My php callback is printing random html source code

Question

I have a post request which querys a database and is supposed to return an array of objects. When i return this in json format it will not let me JSON.parse because the return content includes the whole html shell for the webpage, i am unsure why this is. is there anything i could be missing. Here is my code:

getLogins.php

    $servername= "localhost";
    $sql_username = "root";
    $sql_password = "";
    $dbname = "website_login";
    $conn = mysqli_connect($servername, $sql_username, $sql_password, $dbname);

    $sql = "select * from login;";
    $result = mysqli_query($conn, $sql);
    while ($row = mysqli_fetch_array($result)){
        
      array_push($loginInfo, array("Username"=> $row["Username"],"Password"=> $row["Password"] , "First_name"=> $row["First_name"], "Second_name"=> $row["Second_name"], "Email"=> $row["Email"]));
      echo json_encode($loginInfo);
    }
    
    mysqli_close($conn);

login.php

  $("#loginButton").on("click", login);


  function login() {

    $.post("getLogins.php", function(responseData){
      console.log(responseData);
      let logins = JSON.parse(responseData);
      console.log(logins);
    });
    
  }
  

</script>

Answer 1

Maybe it's not just random HTML but an error instead?

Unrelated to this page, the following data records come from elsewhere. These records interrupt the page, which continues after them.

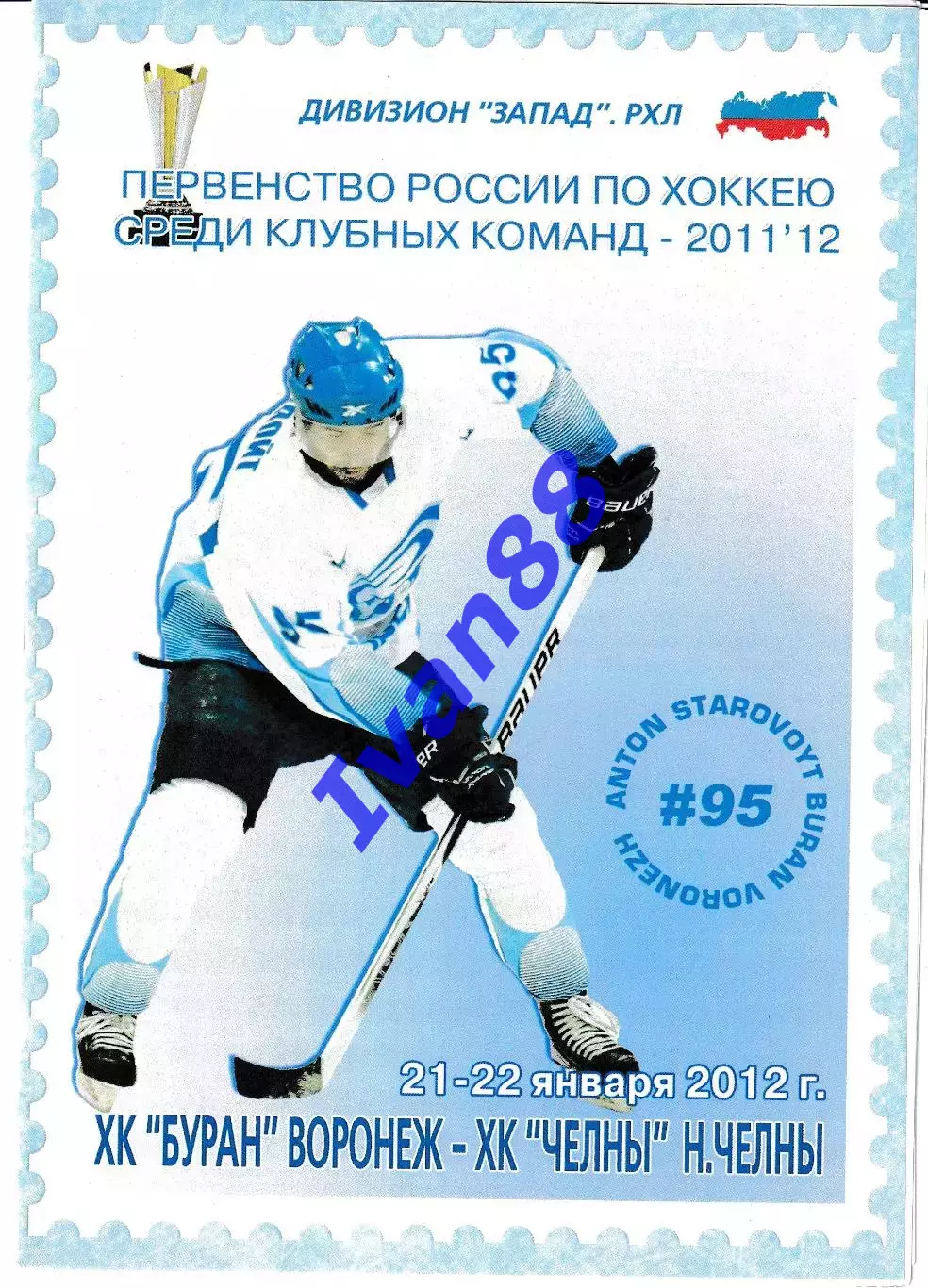 Буран Воронеж - ХК Челны Набережные Челны 21-22 января 2012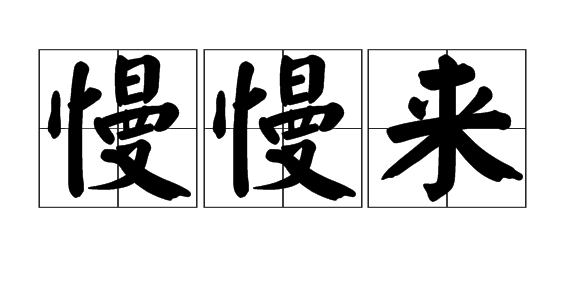 《慢慢来》(洛天依、陈心蕊)歌词555uuu下载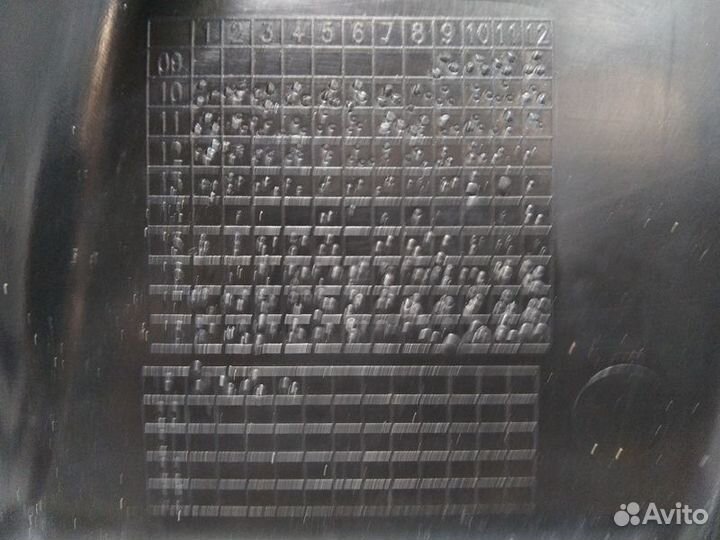 Подкрылок задний Mitsubishi ASX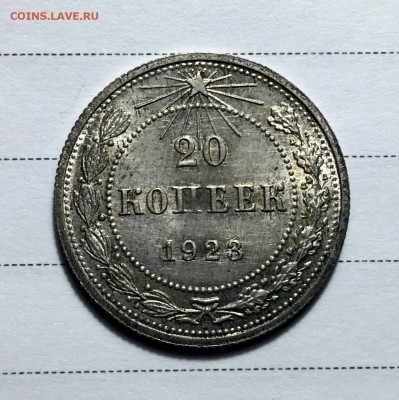 20 Копеек 1923 Штемп. Unc, до 22.02.2019 22:00 мсk - Untitled-13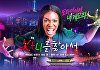 '키 친구' 카니, K덕후 일낸다⋯ 'Kㅏ니를 찾아서'로 예능 본격 도전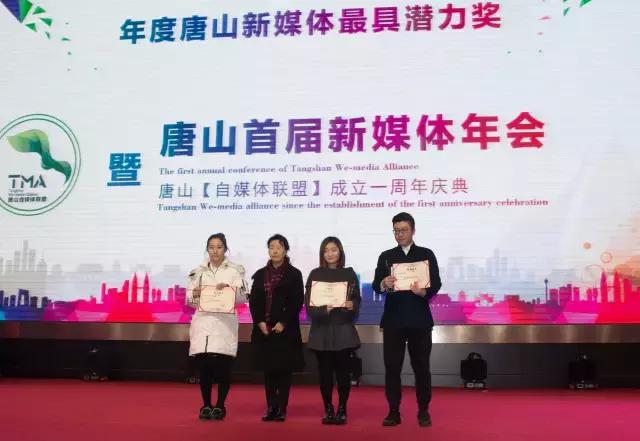 唐山新媒体,唐山新媒体联合会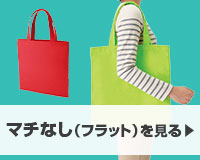 マチなし（フラット）を見る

Check the error by adding these lines to the top of your code:

ini_set('display_errors', 1);
ini_set('display_startup_errors', 1);
error_reporting(E_ALL);

Then, read the response yourself instead of attempting to parse it.

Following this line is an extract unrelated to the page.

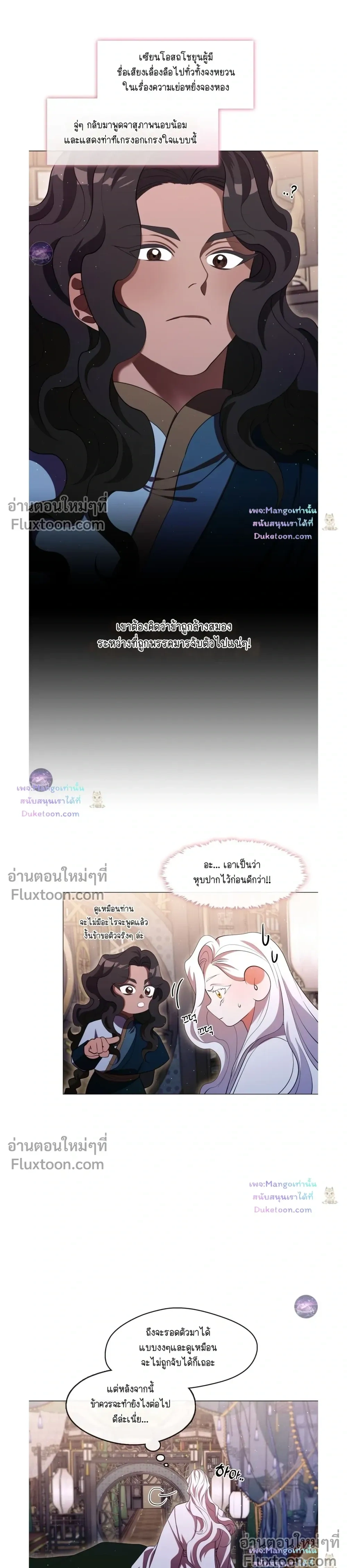 Raising the Demonic Cult's Leader หน้า 11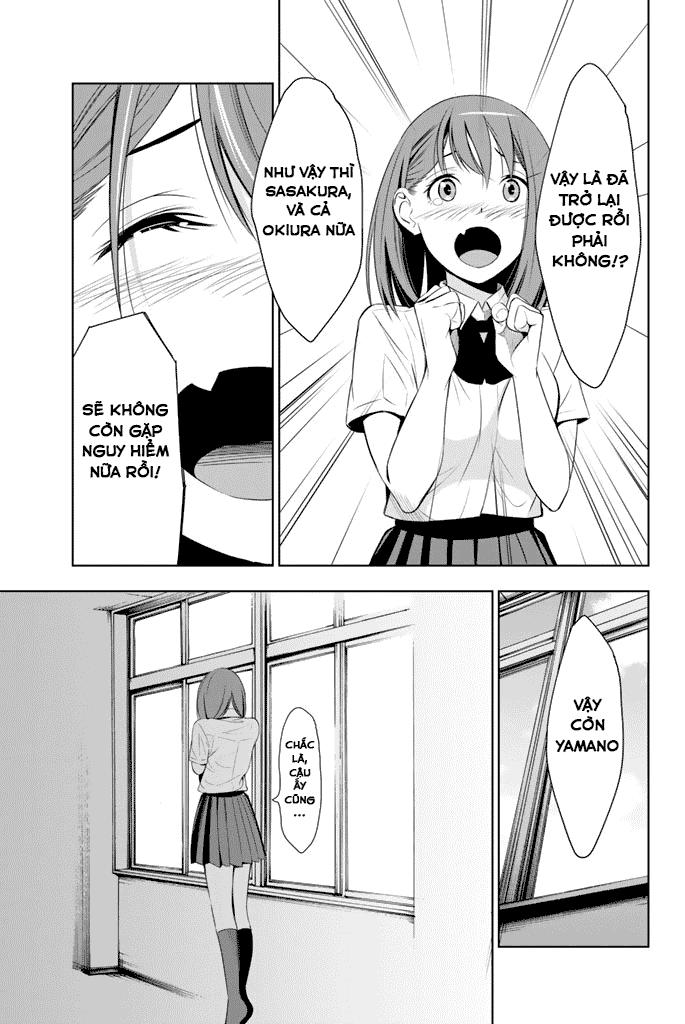 kimi ga shinu natsu ni chapter 10 34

From what I can see, the variable $loginInfo could be the problem as it is not declared and you are attempting to push another array to it

Answer 2

because the return content includes the whole html shell for the webpage

Because that is what getLogins.php generates (even if you haven't shown us all of getLogins.php .

PHP doesn't stop sending all the data outside <?php... ?> just because the request was initiated by JavaScript instead of traditional browser navigation.

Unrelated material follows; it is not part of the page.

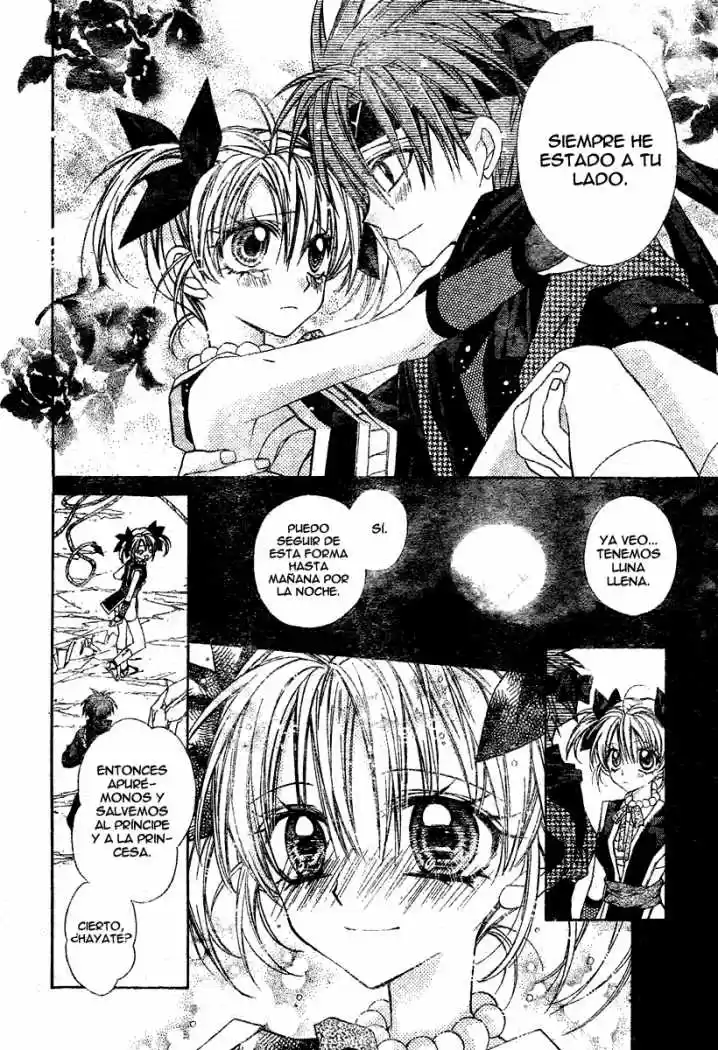 Sakura-hime Kaden (2008) - Capítulo 8 - Página 15 - LectorTMOo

If you want to design an API, then design an API. The server-side code should only output the data you want to output.

If you have code that generates HTML inside getLogins.php , remove it. If your wrapper is being added because you are using the front controller pattern then exclude your API endpoints from it.

Answer 3

As others have noted, you have not actually provided the full getLogins.php file, which makes this difficult.

However, if the code you provided is at the very beginning of the actual getLogins.php file, if you were to place a die(); statement at the end (just after your call to mysqli_close($conn); ), that should do the trick.

It looks like there are other errors with your code as well, but hopefully this can get you pointed in the right direction:)